Kirkconnell’s career in academia began largely by chance. In the fall of 1922, while still in the midst of revising his B.Litt into a book manuscript, Kirkconnell accepted a job as a replacement lecturer in the Department of English at Wesley College (later United College; now the University of Winnipeg). He quickly rose through the ranks to become a full professor by 1930. Three years later, he accepted the offer to chair the Department of Classics, where he remained until 1940. He then accepted an offer to chair the Department of English at McMaster University, a position he held until 1948. From then until his retirement in 1964, he served as the 11th president of Acadia University.
Translator and Poet
Kirkconnell was an ambitious translator of more than 4,000 pages of poetry from scores of different European languages. This lifelong passion was awakened in 1925 following the death of his first wife, Isabel, in childbirth, after which he translated 100 elegies from nearly 40 different languages into English. (He remarried in 1930 to Helen Kitchener. They had three daughters; Kirkconnell had twin boys from his first marriage.)

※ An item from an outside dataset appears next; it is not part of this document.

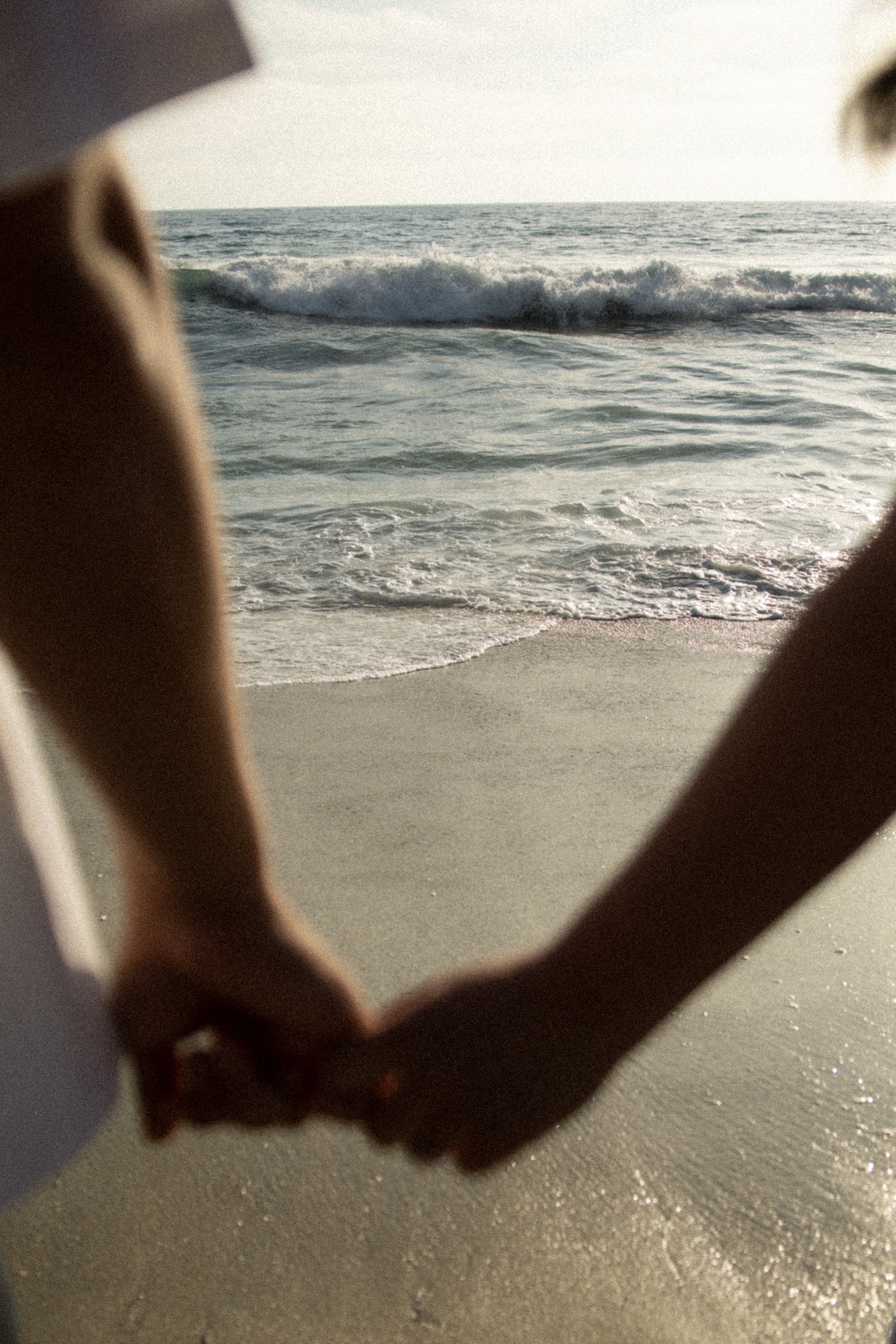 Photo of the beach, framed by the hands of a person making a heart shape, with the ocean waves in the background.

Subsequent publications included collections of translated Hungarian, Icelandic, Polish and Ukrainian poetry. His efforts also extended to his Milton studies; he published three volumes of translated analogues (models that may have influenced Milton’s own works). Although Kirkconnell also composed upwards of a thousand pages of original poetry, it was not as well received as his works of translation. Professor of translation, Judith Woodsworth, suggests that this is in part due to the “unevenness of quality in his vast body of work” and his insistence at remaining “firmly rooted in nineteenth century traditions.”
Cultural Pluralism and Racism
While in the midst of his independent study of anthropology and related fields, Kirkconnell became a passionate believer in racial hierarchies and specifically the superiority of “white” to “non-white” peoples. As a young man, he suggested that immigration to Canada be restricted to British or “Anglo-Saxon” people. He also promoted eugenic policies such as the sterilization of those deemed “unfit.” After moving to the more cosmopolitan city of Winnipeg and grieving the loss of his wife, he came to accept the equality of all European peoples. More than this, he went on to become a champion of so-called “New Canadians,” that is, immigrants from continental Europe and their descendants in Canada.

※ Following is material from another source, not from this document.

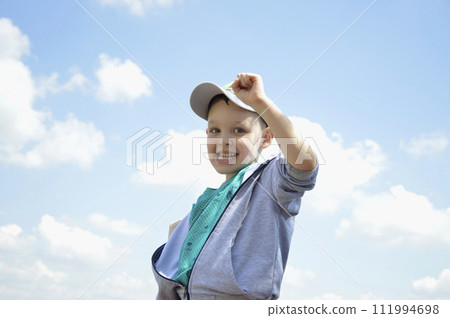 handsome boy in a cap against a background of blue sky with white clouds 111994698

His pathbreaking efforts consisted primarily of translating immigrants’ poetry into English and in trying to raise awareness of their contributions to Canadian culture and society. In addition to his translations of poetry, from 1935 through 1964 he completed for the University of Toronto Quarterly an annual survey of works published in languages other than English or French. In one of his translated collections, Canadian Overtones (1935), he called for national holidays, public school curriculum, university courses and even a national institute to be dedicated to the history of the various cultures and their cooperative existence in Canada. His advocacy stemmed from the belief that pride in their home cultures would make immigrants strive to be the best possible Canadian citizens. He did not embrace the mosaic metaphor of his peer, John Murray Gibbon, but instead preferred to speak of a national “tapestry” in which the colorful threads of multiple cultures were woven into a single fabric of national identity.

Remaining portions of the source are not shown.